Blair Center scholars Todd Shields, Angie Maxwell, Pearl Ford Dowe and Rafael Jimeno presented findings from the poll Wednesday, Feb. 6, at a Clinton School panel discussion titled "The Year of the Woman." The topics covered during the panel discussion are included in a report titled "Is There a War on Women? Attitudes about Women in the Workplace and in Politics." (Hyperlink report here)

"This report is just one of several that will be released over the course of the next year," said Shields, director of the Blair Center and dean of the Graduate School and International Education at the University of Arkansas. "The poll covered numerous topics including immigration, racial attitudes, regional trends and community philanthropy, and we are looking forward to studying the results in further detail."

While the Blair Center-Clinton School Poll is national in scope, it uniquely includes representative samples of African Americans and Latinos in the South as compared to the rest of the country, groups that are often omitted in most national surveys.

"We see a more complete picture when the results are analyzed by race," said Jimeno, the Diane D. Blair endowed professor in Latino studies. "Among Caucasian respondents 76 percent believed they would see a female elected president, while 80 percent of Latino respondents and 83 percent of African American respondents reported the same belief."

Poll questions released Wednesday also covered the 2012 presidential election results, attitudes toward women in the workplace and hypothetical 2016 presidential election match-ups involving the possible candidacy of former Secretary of State Hillary Clinton.

The poll results showed Clinton with leads over former Florida Gov. Jeb Bush (61 percent to 32 percent), Florida Sen. Marco Rubio (61 percent to 30 percent) and New Jersey Gov. Chris Christie (58 percent to 34 percent).

"We have known about the gender gap for many election cycles even though it is substantially smaller in the South," said Maxwell, the Diane D. Blair endowed professor in Southern studies. "The poll found that 60 percent of non-southern women and 45 percent of non- southern men reported voting for President Barack Obama. This gender gap was nearly non-existent in the South where 49.6 percent of women and 48.3 percent of men reported voting for Obama. But what is most interesting about the 2016 pairings is that the gap increases significantly among white southerners when Secretary Clinton is paired with the leading potential Republican candidates."
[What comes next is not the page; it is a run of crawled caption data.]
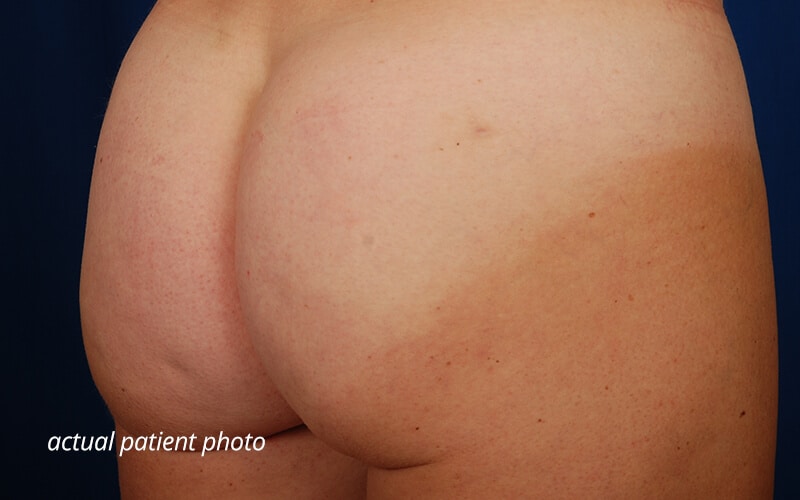 fat transfer buttock augmentation
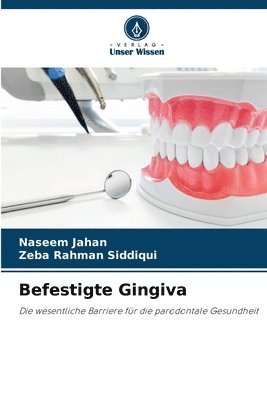 Befestigte Gingiva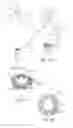 Fig. 25 - Surgical access system with navigation element and method of using same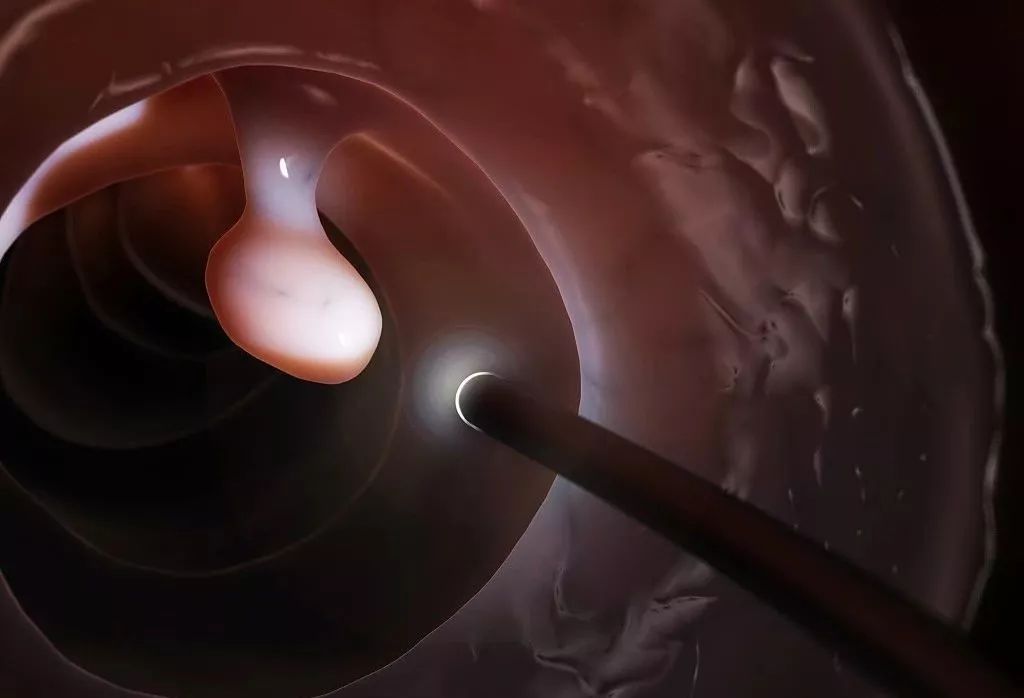 息肉为什么切完还会长,息肉为什么割不净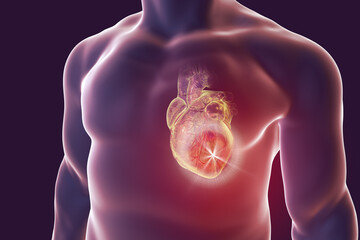 Heart attack, conceptual image for heart diseases. 3D illustration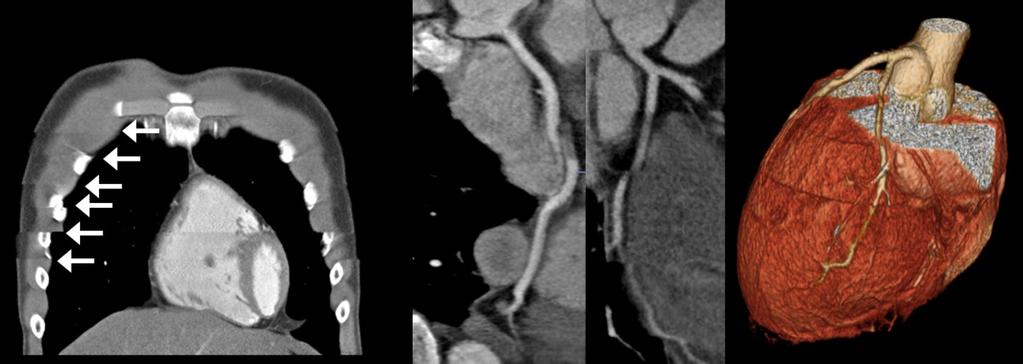 The chest CTA showed stair-step artifact (arrow in a) between the two volume scans, but the image quality of coronary CTA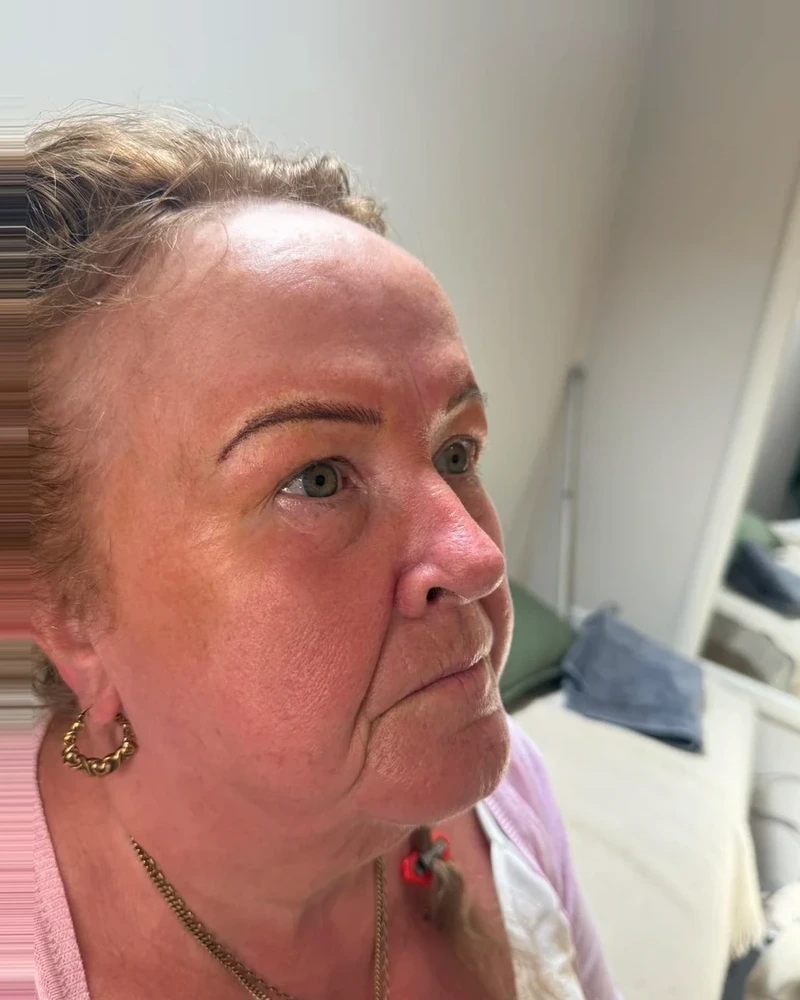 After semi-permanent eyebrow tattoo treatment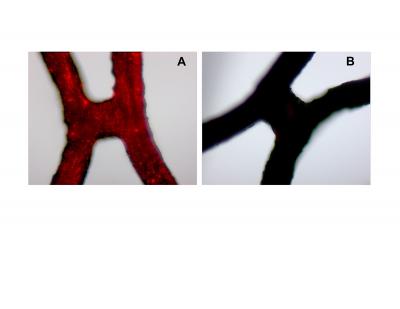 Vascular Stent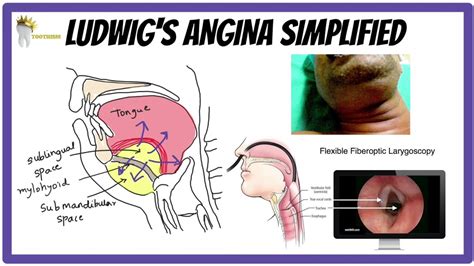 Incision For Ludwigs Angina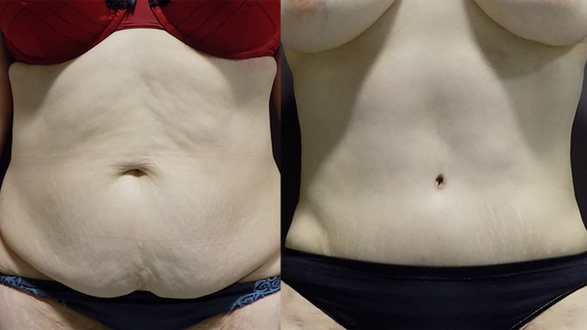 Abdominoplastika_2_2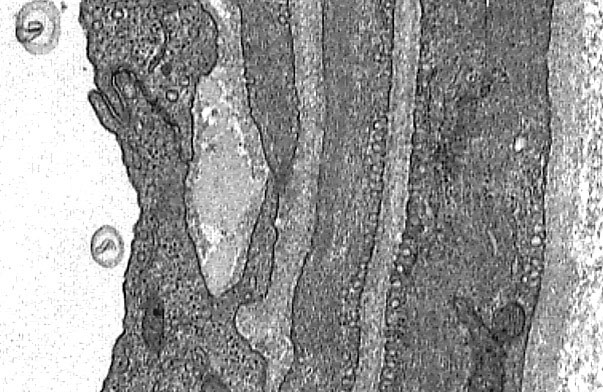  arteriole and peripheral nerve, endothelium and smooth muscle 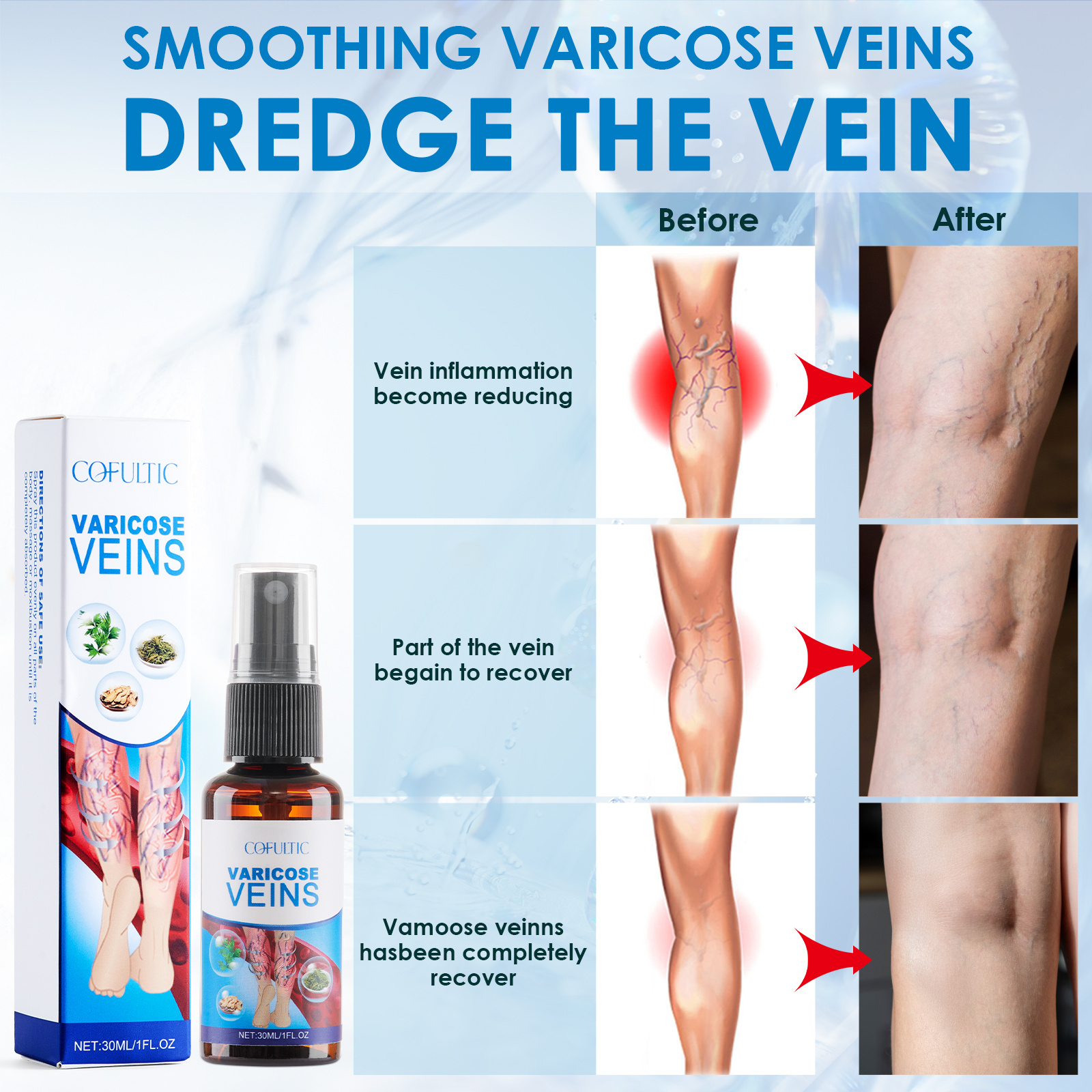 30ml Varicose Vein Spray Multi-Purpose Knee And Leg Care Spray Promote Blood Circulation - Image 5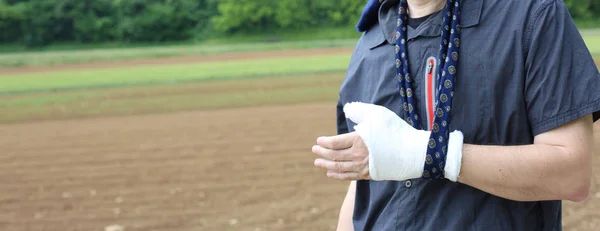 Gebroken hand van een man — Stockfoto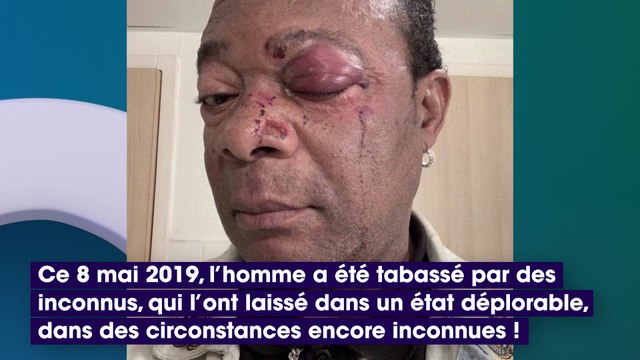 Maître Gims et Dadju : leur père tabassé à Paris, la photo CHOC de son visage !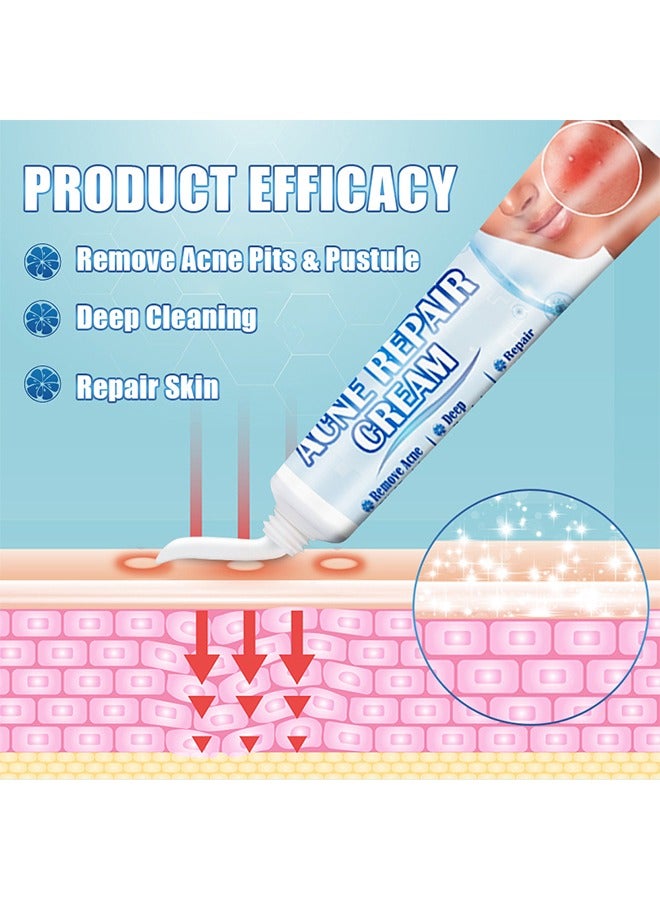 Sumifun Acne Repair Cream - Acne Removing Cream Repairs Acne Pits, Lightens Acne Marks and Spot Removing Cream Moisturizes and Shrinks Pore Set,Day and Night Use 20g - Image 3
The poll also asked questions from the Modern Sexism Scale, which measures attitudes towards the changes in traditional gender roles that have occurred during the past several decades. The results of these questions showed that 24.3 percent of men have "extremely negative" attitudes toward having women in the work place.

When broken down regionally, the results showed attitudes toward women in the workplace were slightly better in the non-south than in the South. Southern men (25.5 percent) and women (16.9 percent) showed more negative attitudes toward having women in the workplace than non-southern men (23.8 percent) and women (12.5 percent).

The Blair Center-Clinton School Poll, completed in mid-December, surveyed more than 3,600 people regarding issues related to politics, giving, regional identification, religion, racial discrimination, ideology and partisanship. The poll has a margin of error of 2.5 percentage points. This is the Blair Center's second election year to administer the national poll and the first time it was conducted in partnership with the Clinton School.

The poll was administered by GfK, formerly Knowledge Networks, the leader in web-based survey research. GfK's proprietary database features a representative sample of Americans, including representation of the roughly 30 percent of U.S. households that do not have Internet access. In addition, the database covers the growing number of cell phone-only households, recently estimated at 23 percent of all households, through address-based sampling. The survey was conducted in both English and Spanish.